American football player (born 1974)

Terry Lee Day (born September 18, 1974) is an American former professional football defensive end who played one season with the New York Jets of the National Football League (NFL). He played college football at Holmes Community College and Mississippi State, and was selected by the Jets in the fourth round of the 1997 NFL draft.

==Early life and college==
Terry Lee Day was born on September 18, 1974, in Pickens, Mississippi. He attended Williams-Sullivan High School in Durant, Mississippi.

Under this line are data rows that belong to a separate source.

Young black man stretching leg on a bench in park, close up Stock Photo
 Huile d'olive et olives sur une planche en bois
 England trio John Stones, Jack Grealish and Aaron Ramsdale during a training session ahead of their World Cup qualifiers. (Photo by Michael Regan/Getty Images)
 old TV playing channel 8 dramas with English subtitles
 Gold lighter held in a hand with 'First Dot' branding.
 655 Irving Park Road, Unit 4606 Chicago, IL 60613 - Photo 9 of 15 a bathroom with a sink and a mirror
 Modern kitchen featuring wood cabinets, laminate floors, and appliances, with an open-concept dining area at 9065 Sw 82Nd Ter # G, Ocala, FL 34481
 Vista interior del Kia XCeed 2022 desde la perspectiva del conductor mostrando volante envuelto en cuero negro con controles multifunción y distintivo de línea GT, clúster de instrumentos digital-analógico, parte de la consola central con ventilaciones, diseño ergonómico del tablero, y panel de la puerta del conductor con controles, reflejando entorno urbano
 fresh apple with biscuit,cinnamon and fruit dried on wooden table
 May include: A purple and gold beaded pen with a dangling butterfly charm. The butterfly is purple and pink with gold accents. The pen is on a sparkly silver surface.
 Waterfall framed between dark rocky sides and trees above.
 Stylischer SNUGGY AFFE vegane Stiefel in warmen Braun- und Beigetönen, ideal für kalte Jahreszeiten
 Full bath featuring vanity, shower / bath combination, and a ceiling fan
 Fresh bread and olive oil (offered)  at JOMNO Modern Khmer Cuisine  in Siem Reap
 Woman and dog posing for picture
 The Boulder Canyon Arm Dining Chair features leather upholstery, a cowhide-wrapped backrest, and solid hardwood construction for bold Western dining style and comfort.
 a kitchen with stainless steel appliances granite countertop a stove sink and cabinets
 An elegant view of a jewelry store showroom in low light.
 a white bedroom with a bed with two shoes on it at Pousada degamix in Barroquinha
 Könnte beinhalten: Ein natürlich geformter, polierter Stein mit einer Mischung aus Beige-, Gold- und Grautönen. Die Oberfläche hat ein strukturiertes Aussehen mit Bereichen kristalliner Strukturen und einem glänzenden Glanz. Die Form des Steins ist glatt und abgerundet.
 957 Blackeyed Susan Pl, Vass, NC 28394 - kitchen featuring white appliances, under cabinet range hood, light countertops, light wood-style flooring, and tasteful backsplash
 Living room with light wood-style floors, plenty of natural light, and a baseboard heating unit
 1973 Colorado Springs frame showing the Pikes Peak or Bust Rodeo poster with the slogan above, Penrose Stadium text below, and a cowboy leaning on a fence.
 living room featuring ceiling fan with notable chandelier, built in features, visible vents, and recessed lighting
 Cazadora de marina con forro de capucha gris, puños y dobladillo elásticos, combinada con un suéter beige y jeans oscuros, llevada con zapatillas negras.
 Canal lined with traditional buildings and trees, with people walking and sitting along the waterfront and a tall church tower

Day first played college football at Holmes Community College from 1993 to 1994. He transferred to play for the Mississippi State Bulldogs of Mississippi State University from 1995 to 1996. He missed three games his senior year due to a sprained knee. Day was inducted into the Holmes Community College Sports Hall of Fame in 2014.

==Professional career==
Day was selected by the New York Jets in the fourth round, with the 102nd overall pick, of the 1997 NFL draft. He officially signed with the team on July 17, 1997. He played in one game for the Jets during the 1997 season. Day was placed on the reserve/non-football injury list on August 25, 1998, and missed the entire 1998 season. He was released by the Jets on July 30, 1999.

Day was a member of the Berlin Thunder of NFL Europe in 2000.

He signed with the Chicago Bears on August 4, 2000. He was released on September 5, 2000.